It took a fairly ridiculous amount of time to find it, but it looks like Target does not offer you pay for jury duty, for non-exempt TMs:
Time off when you're called for civic duty.
Your job is safe while you serve.
If you’ve been selected for jury duty or must serve as a witness in a trial, Target offers eligible team members time away from work to serve.
If you are called to serve on a jury or as a witness, please provide your HR representative with the summons issued by the governmental unit involved. We do not provide written documentation to excuse team members from jury duty. Following jury duty, Target will reinstate you to your former position regardless of length of time spent on jury duty.
Reporting back to work.
When jury is not in session, or if you’ve been excused from jury duty, you must report to work during your scheduled hours if you can work at least 4 hours of your scheduled work period, except as provided by law.
Who's eligible ?
If you’re an hourly HQ team member, store team lead, or DC regular team member with average hours of 20 or more hours per week, you are eligible for paid jury or witness duty on the first day of the pay period following your date of hire.
If you’re an hourly store team member, you are not eligible for pay but Target will protect your average hours for time missed due to serving jury or witness duty.
HR will manage your time and pay. Your jury duty pay may be delayed depending on when it was requested during the pay cycle. In step with state statutes. Target must meet the minimum guidelines as outlined in state statutes. The Target policy goes into effect after state guidelines are met. If you live and work in different states, the law for the state where you work applies for calculating jury or witness pay.
Questions?
Contact your Human Resources
representative
I don't know about the "your job will pay the court payment" bit--the court pays the court payment, but you will get that from the court.

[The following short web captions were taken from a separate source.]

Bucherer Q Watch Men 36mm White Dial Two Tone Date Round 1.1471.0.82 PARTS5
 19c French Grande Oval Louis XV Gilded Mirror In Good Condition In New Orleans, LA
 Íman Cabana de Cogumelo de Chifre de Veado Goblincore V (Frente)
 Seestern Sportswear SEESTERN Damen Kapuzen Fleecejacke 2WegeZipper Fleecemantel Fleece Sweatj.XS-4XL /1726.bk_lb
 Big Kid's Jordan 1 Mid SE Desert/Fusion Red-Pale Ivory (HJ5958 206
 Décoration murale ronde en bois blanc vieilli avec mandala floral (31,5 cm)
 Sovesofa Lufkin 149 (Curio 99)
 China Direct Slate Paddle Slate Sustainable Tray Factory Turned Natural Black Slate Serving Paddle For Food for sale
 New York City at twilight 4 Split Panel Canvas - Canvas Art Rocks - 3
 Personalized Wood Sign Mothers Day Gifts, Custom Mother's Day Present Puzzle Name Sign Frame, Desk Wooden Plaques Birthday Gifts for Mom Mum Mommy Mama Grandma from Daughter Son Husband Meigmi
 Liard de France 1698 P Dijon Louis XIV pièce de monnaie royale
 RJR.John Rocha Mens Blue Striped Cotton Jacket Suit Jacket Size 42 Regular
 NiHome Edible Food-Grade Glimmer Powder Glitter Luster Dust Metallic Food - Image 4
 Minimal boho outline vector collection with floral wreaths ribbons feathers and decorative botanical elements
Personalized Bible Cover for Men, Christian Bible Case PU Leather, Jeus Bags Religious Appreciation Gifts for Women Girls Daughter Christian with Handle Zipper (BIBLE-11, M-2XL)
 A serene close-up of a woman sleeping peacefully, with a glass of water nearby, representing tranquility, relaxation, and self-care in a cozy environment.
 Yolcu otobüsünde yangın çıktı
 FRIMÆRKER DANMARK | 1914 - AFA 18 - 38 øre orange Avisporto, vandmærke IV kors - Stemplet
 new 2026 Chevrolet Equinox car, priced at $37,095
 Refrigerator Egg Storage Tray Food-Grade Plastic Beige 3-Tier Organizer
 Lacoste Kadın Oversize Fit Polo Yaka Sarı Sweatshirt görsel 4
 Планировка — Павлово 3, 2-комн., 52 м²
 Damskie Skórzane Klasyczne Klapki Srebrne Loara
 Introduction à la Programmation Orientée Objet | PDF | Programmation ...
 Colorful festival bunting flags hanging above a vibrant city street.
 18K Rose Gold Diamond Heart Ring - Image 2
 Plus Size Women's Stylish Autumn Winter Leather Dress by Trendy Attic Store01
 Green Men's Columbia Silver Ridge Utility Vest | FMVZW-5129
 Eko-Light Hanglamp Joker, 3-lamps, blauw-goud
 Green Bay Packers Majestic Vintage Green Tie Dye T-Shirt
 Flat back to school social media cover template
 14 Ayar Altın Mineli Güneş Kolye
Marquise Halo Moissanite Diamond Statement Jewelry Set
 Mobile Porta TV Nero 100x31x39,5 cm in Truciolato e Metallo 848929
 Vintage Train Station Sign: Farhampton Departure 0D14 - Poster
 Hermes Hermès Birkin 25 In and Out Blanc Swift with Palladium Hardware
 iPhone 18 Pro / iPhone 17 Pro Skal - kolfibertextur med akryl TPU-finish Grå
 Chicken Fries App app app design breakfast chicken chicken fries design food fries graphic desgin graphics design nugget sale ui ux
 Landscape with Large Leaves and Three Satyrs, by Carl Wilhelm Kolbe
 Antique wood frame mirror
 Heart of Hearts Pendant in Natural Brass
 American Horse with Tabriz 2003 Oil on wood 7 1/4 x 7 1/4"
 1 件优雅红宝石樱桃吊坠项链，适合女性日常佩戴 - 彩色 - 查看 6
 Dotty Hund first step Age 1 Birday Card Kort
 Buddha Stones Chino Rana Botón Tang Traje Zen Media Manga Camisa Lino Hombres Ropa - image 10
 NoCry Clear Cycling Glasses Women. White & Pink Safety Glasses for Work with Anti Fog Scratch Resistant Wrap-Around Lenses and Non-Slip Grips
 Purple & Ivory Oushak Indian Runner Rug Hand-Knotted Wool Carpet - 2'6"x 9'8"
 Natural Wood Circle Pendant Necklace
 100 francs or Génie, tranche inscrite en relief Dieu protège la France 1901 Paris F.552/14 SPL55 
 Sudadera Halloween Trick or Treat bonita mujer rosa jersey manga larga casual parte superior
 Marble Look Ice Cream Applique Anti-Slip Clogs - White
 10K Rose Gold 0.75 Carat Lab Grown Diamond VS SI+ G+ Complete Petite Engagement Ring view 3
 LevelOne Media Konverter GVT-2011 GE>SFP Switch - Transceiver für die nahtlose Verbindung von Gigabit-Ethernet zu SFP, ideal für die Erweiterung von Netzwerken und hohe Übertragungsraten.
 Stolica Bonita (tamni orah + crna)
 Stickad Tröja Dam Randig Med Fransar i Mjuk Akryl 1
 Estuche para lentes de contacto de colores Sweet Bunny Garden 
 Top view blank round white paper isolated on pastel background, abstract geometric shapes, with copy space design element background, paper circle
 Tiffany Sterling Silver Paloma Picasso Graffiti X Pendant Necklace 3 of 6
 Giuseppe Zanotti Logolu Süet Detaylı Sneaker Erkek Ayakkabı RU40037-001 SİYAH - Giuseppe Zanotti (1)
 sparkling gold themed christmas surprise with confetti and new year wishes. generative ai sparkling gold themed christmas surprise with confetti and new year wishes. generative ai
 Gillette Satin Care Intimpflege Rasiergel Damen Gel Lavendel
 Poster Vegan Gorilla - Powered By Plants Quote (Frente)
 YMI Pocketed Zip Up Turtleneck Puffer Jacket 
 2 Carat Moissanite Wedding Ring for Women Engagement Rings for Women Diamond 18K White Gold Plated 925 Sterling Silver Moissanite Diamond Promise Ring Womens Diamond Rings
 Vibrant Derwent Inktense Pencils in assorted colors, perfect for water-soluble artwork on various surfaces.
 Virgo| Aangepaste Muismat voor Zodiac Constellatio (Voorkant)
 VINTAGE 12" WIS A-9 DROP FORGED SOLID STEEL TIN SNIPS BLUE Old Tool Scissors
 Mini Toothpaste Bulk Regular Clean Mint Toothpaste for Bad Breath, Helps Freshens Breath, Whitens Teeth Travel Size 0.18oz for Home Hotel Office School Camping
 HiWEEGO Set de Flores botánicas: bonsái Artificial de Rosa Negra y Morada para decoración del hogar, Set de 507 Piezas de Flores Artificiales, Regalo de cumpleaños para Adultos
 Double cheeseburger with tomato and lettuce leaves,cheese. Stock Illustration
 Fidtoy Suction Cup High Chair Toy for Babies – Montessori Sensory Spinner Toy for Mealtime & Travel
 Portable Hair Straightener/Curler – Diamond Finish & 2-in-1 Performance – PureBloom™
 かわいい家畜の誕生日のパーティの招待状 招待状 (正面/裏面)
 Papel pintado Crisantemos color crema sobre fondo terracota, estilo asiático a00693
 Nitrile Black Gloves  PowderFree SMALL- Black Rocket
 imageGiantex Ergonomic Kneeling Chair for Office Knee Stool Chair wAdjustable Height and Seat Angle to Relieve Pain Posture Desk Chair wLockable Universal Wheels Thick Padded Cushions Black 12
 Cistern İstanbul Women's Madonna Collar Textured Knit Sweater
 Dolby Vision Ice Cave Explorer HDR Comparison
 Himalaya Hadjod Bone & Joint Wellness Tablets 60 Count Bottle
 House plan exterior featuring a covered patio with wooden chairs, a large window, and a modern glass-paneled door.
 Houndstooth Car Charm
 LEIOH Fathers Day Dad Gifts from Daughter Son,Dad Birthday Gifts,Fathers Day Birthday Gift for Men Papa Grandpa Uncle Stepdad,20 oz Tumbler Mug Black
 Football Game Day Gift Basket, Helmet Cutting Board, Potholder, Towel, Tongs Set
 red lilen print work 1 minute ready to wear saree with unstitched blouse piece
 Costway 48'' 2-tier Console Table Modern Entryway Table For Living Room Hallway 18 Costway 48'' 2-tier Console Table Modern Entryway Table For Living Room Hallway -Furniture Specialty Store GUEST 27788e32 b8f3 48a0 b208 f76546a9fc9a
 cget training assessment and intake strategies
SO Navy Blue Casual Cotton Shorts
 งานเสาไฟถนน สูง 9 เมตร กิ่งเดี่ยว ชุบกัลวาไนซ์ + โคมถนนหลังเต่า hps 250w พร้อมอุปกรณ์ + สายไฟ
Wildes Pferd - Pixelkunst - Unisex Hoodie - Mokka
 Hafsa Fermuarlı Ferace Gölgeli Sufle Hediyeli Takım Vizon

Plus mileage reimbursement, possibly (depending on your jurisdiction).
Some jobs will pay you for jury duty and you keep the court pay (my day job does this). Others will pay you while you're out on jury duty, but you have to turn the meager court pay over to them, but that's super ticky-tacky. Target won't pay you for jury time, but they shouldn't touch the court pay.
ETA: If you have the flexibility, talk to your HR about adding night or weekend hours to make up the pay during jury duty time (if you're normally on days). Unless the trial is sequestered, which is pretty rare, you should be able to go home and such at night, and depending on the court/trial, it may not run all day, every day.